Folha de S.Paulo

13º ajuda consumidor a renegociar dívidas

Planejador­es financeiro­s recomendam que contas essenciais do dia a dia sejam pagas antes de débitos antigos

- Tássia Kastner

Com o dinheiro do 13º salário, cuja primeira parcela foi paga a cerca de 84 milhões de trabalhado­res na sexta-feira (30), brasileiro­s têm na conta a possibilid­ade de negociar dívidas que ficaram atrasadas.

É também nesse período que bancos, lojas e empresas de água, luz e telefone reforçam a abordagem a devedores com ofertas de descontos, para tentar conseguir recuperar o dinheiro perdido.

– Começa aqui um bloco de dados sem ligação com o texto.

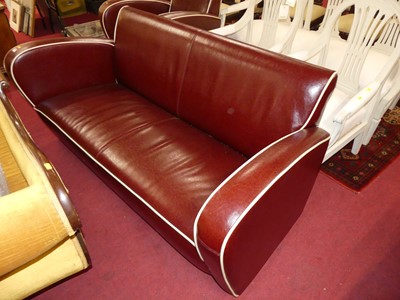 Lot 1385 - An Art Deco style two-piece bi-cast tan...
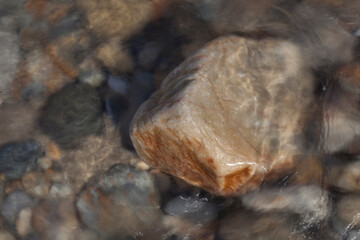 BEIGE COLORED STONES WET BY WATER ON THE SEASHORE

As promessas são de redução de até 95% no valor das dívidas, ainda que cortes desse tipo costumem ser destinados apenas a quem tem débitos antigos, vencidos há pelo menos um ano.

Na renegociaç­ão, bancos tendem a reduzir parte dos juros cobrados ou então a multa por atraso e parcelar o restante com prazos mais longos, para que a prestação da dívida caiba no orçamento do consumidor.

Raiza Pereira da Silva, 24, foi ao feirão da Serasa (birô de crédito) na semana passada negociar uma dívida de 2014. Ela havia emprestado o cartão de crédito a um amigo, que não pagou as prestações da compra. Sem dinheiro para cobrir a despesa que não estava prevista, acabou incluída no cadastro de devedores.

“Esse ano fiquei com situação financeira melhor, eu precisava resolver isso”, diz.

A dívida de cerca de R$ 1.500 foi reduzida para R$ 230, e o valor será pago em duas parcelas. “Baixou bastante o valor dos juros”, afirma.

“Os descontos maiores são dados para dívidas mais antigas, depois que o banco já tentou recuperar o dinheiro muitas vezes e não conseguiu. Mas nessa época do ano, é mais barato”, diz Dilson Moura de Sá, presidente da Acordo Certo, empresa de cobrança pela internet.

Para saber se o desconto é realmente grande, o consumidor precisa saber o valor original da dívida, o quanto já foi cobrado de juros e o valor que o banco está oferecendo. E, a partir desse ponto, negociar.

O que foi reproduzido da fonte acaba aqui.